Each cigarette smoked a day by heavier smokers increases the risk of contracting some diseases by more than 30 per cent, according to a new international study published today.
The Australian Centre for Precision Health based at the University of South Australia led the study, which links heavier smoking* with 28 separate health conditions, revealing a 17-fold increase in emphysema, 8-fold increase in atherosclerosis (clogged arteries) and a 6.5-fold higher incidence of lung cancer.
Chief Investigator, UniSA Professor Elina Hypponen, says the risk of suffering respiratory diseases, cancers and cardiovascular diseases increased with each cigarette smoked per day.

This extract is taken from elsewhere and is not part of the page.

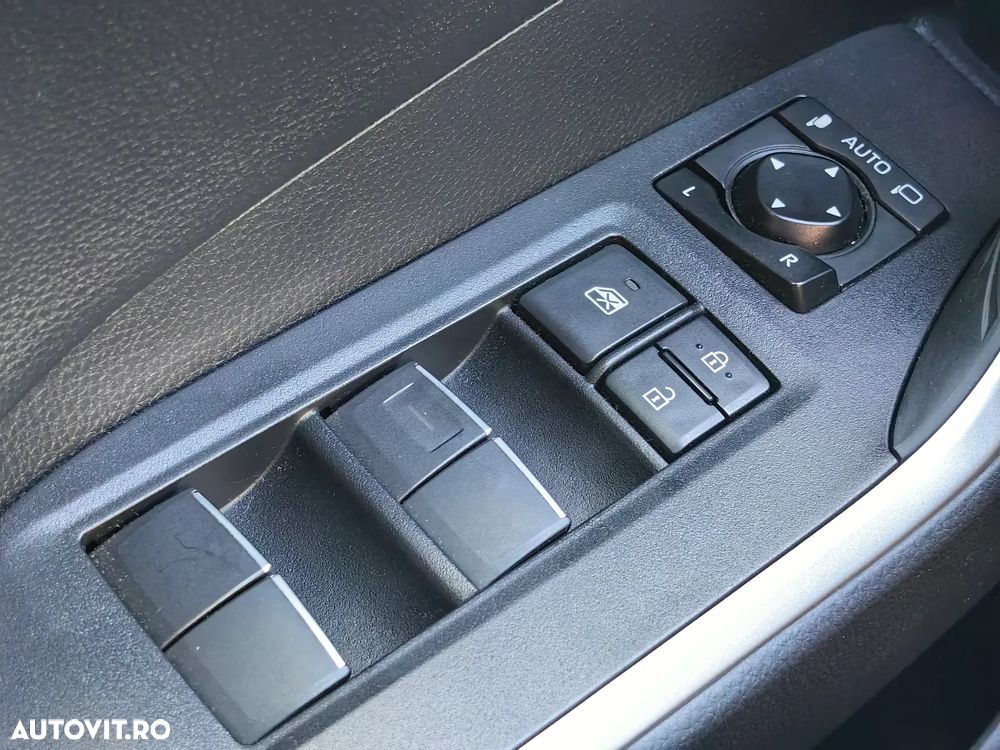 Toyota RAV4 2.5 VVT-iE 4x2 Dynamic - 31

The links between heavier smoking and emphysema, heart disease, pneumonia and respiratory cancers were particularly high, but the researchers also found associations with many other respiratory diseases, renal failure, septicaemia, eye disorders, and complications of surgery or medical procedures.
“Tobacco smoking is the leading preventable cause of death worldwide and smokers typically die 10 years earlier than non-smokers,” Professor Hypponen says.
“Despite a global decline in smoking over the last 20 years, an estimated 20 per cent of the world’s population aged over 15 years are still smoking tobacco.”
In the US alone, smokers number 40 million, with 16 million of those living with a disease caused by smoking. This costs their economy more than $300 billion per annum,” Prof Hypponen says.